The decade ended with a coup for Ball when he jumped upon the rights to publish Thomas Pakenham's distinguished book, The Boer War, in South Africa.

It forged lifelong friendships with Pakenham and his publisher, George Weidenfeld, cementing Weidenfeld & Nicolson as a permanent feature of JBP's lists in South Africa.

It was also the start of a more considerable business that spanned not only own publishing, but also representation as an agent of UK and US publishers in the country.

This, at a time when the economy was ever more challenging.

The 1980s were bruising for Ball. He entered a deal with UK publisher Hodder & Stoughton which failed for him, ending in his departure from the joint venture.

A year later, he restarted the company with new backing, buying back his catalogue and name; a move that would prove decisive for the future.

By the end of the decade, his credentials as a publisher of liberal books intact, he published not only for a wide audience, but landed the most important political books of the time.

Opposition leader Frederik van Zyl Slabbert, liberal stalwart Helen Suzman and many more joined his stable.

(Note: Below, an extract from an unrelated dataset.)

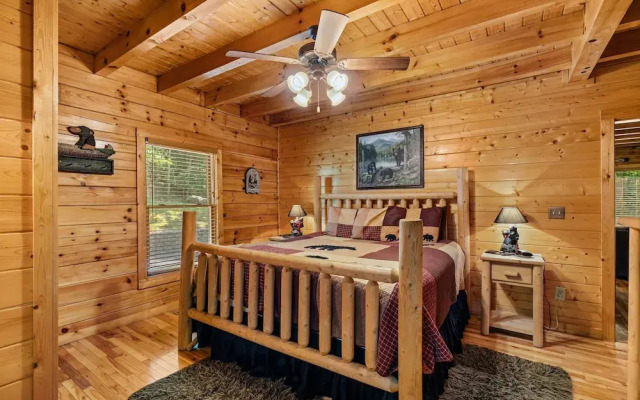 Luxurious Nine Bears Home Minutes Away to Gatlinburg by Redawning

He also bought Ad Donker, adding not only a splendid list, but coming full circle from where he started.

In 1992, Ball sold the business to Naspers. With complete editorial and broad executive control, he could, for the first time, exercise his residual ambitions. After acquiring HarperCollins, who were divesting, he ran one of the biggest trade publishers in the country.

The celebrated transition in South Africa changed little in his publishing.

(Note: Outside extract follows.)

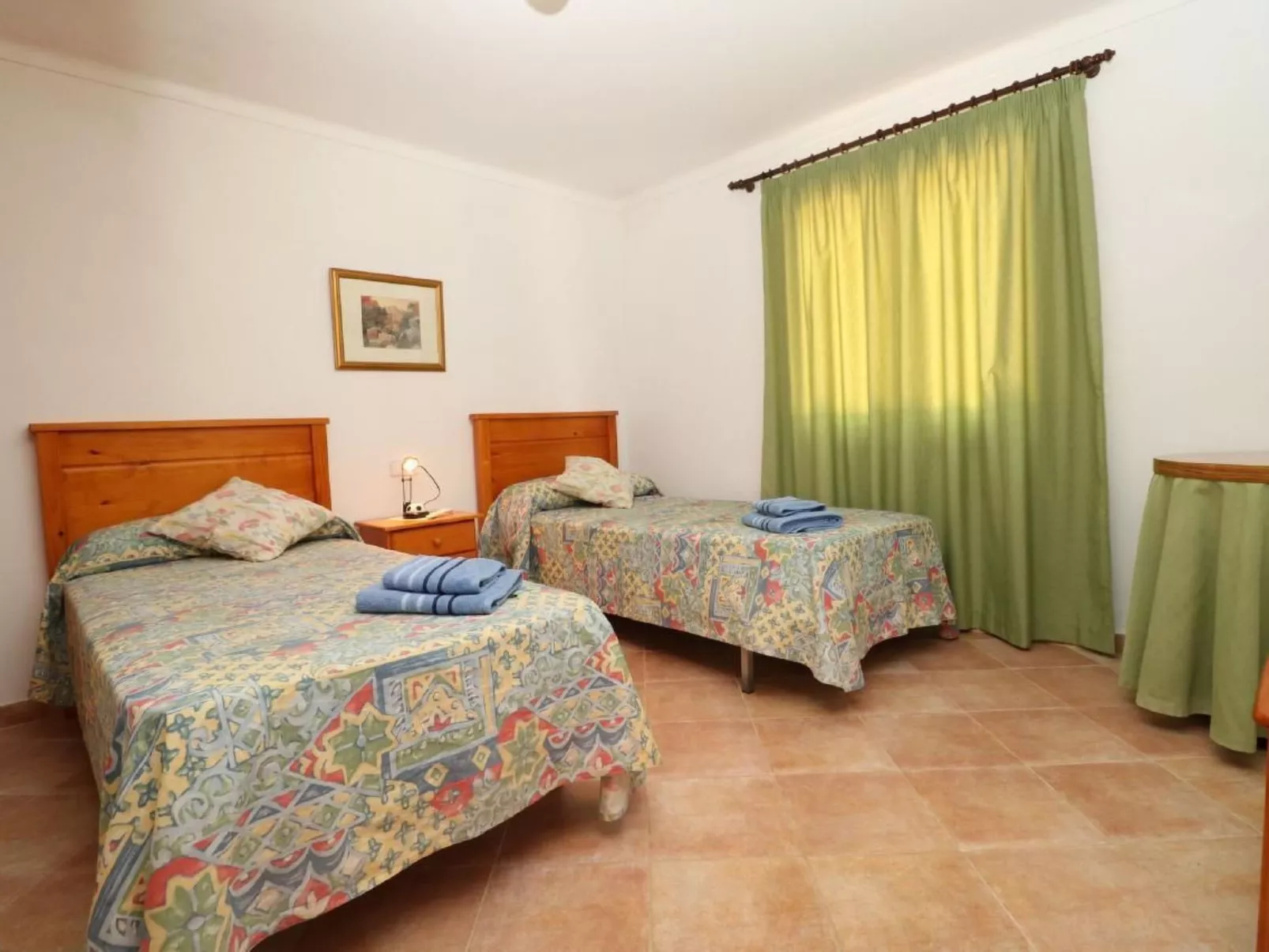 Fi. Camaron-Crestall-Binnen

Ball soon found the flaws in the new political establishment and published with the same vigour, sticking to his principles.

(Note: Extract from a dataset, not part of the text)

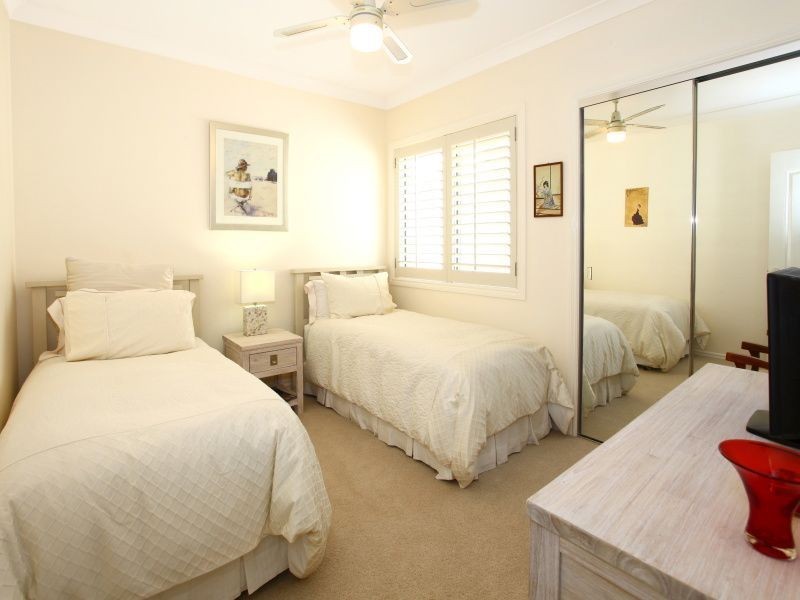 6 Deborah Avenue, Benowa Waters QLD 4217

Former ANC MP Andrew Feinstein's After the Party, which focuses on the Arms Deal as an example of how the ANC's internal decline began.

He would go on to publish the definitive political books of the time, ranging from Mark Gevisser's biography of Thabo Mbeki, A Dream Deferred, to the shattering exposé on Jacob Zuma, Zuma Exposed, by journalist Adriaan Basson.

He launched Jonny Steinberg, and published every one of his books, securing two Alan Paton awards along the way.

At times exercising his volcanic, albeit short-lived, rage, but more often an entertaining humour, Ball lunched and dined celebrated authors, celebrities and staff with equal enthusiasm.

Quick-witted and fiercely well-read, he would present any table with a smorgasbord of topics that very often – but not always – involved an obscure aspect of his ever-wider reading.

Ball despised social media and found sound bites offensive. He required of you to engage in argument, to state your case, and defend your ground.

When he formally retired in 2015, after 45 years in publishing, he had not only defined political publishing in the country, but had created the leading publisher and book distributor in South Africa.

And, after barely one month's holiday, he continued on as a publisher-at-large, an office he held to the end.

His wife, Pam, died in 2018, leaving an unfillable void in his life.

Ultimately, Ball found enjoyment only in the things he had done for his entire life, and he continued doing it.

He is survived by his stepchildren, Belinda, Jamie and Jono, and two grandchildren.